Nice! Now we have a bunch of helpful LinkedList methods under our belt.

The final use case we mentioned was the ability to remove an arbitrary node with a particular value. This is slightly more complex, since a couple of special cases need to be handled.

Consider the following list:

a -> b -> c

If node b is removed from the list, the new list should be:

a -> c

We need to update the link within the a node to match what b was pointing to prior to removing it from the linked list.

Lucky for us, in Python, nodes which are not referenced will be removed for us automatically. If we take care of the references, b will be “removed” for us in a process called Garbage Collection.

For the purposes of this lesson, we’ll create a function that removes the first node that contains a particular value. However, you could also build this function to remove nodes by index or remove all nodes that contain a particular value.

Instructions

1.

At the bottom of script.py, add a .remove_node() method to LinkedList. It should take value_to_remove as a parameter. We’ll be looking for a node with this value to remove.

In the body of .remove_node(), set a new variable current_node equal to the head_node of the list.

We’ll use current_node to keep track of the node we are currently looking at as we traverse the list.

2.

Still inside the method body, use an if statement to check whether the list’s head_node has a value that is the same as value_to_remove.

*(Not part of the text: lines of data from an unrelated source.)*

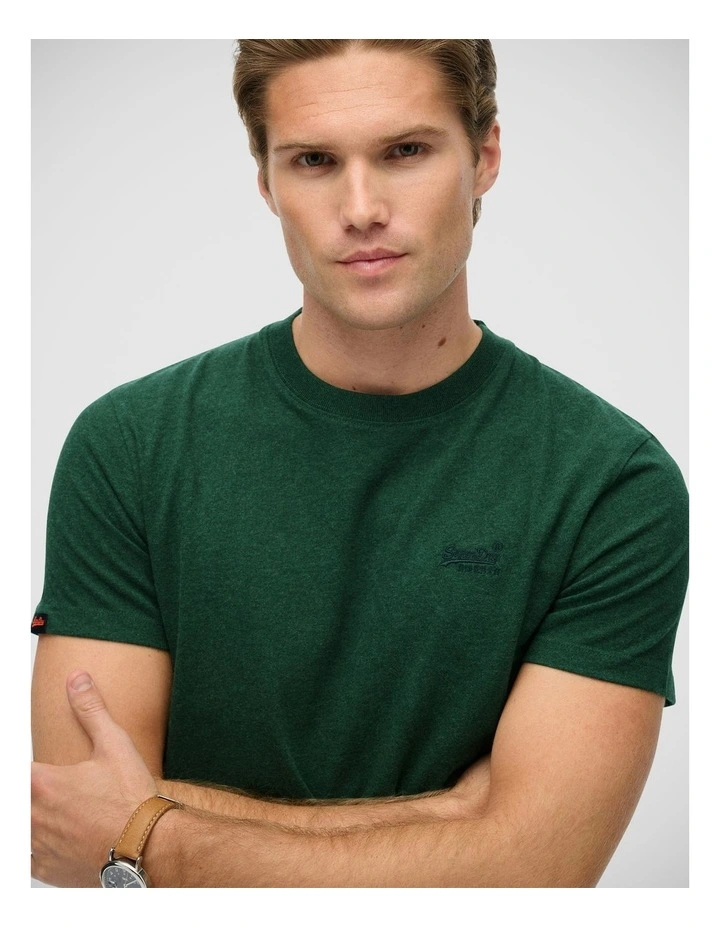 Essential Logo Tee in Pitch Green Marl image 3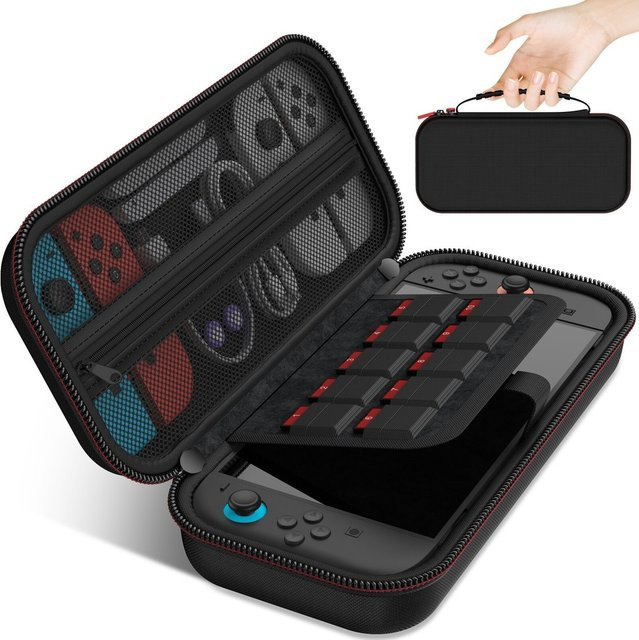 BEBONCOOL Tragetasche für Nintendo Switch, Switch OLED und Nintendo Switch 2 in Schwarz mit großem Fassungsvermögen für Zubehör - Bild 1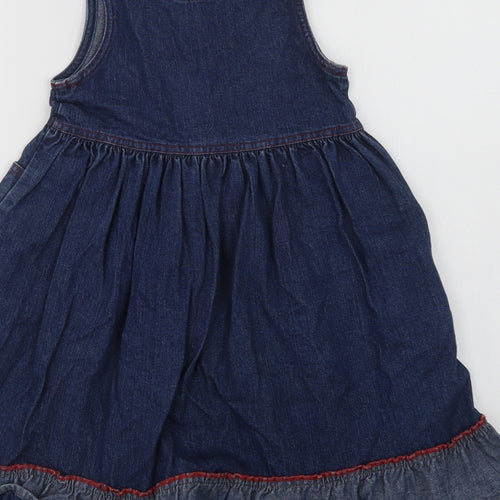 Oshk Girls Blue  Cotton A-Line  Size 5 Years  Round Neck Button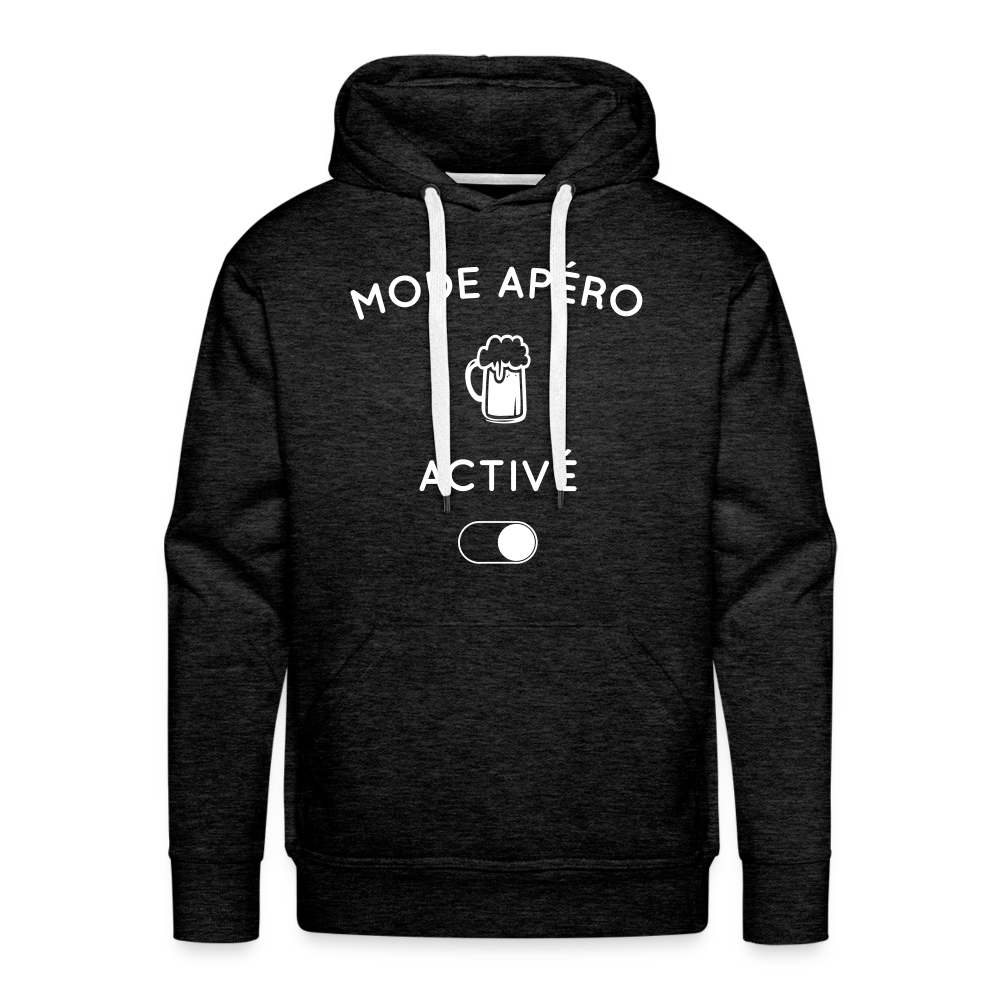 Sweat à capuche Premium Homme - Mode apéro activé - charbon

If it does, we’ve found the node we’re looking for and we need to adjust the list’s pointer to head_node.

Inside the if clause, set self.head_node equal to the second node in the linked list.

3.

Add an else clause. Within the else clause:

  • Traverse the list until current_node.get_next_node().get_value() is the value_to_remove.

    (Just like with stringify_list you can traverse the list using a while loop that checks whether current_node exists.)

    • When value_to_remove is found, adjust the links in the list so that current_node is linked to next_node.get_next_node().

    • After you remove the node with a value of value_to_remove, make sure to set current_node to None so that you exit the loop.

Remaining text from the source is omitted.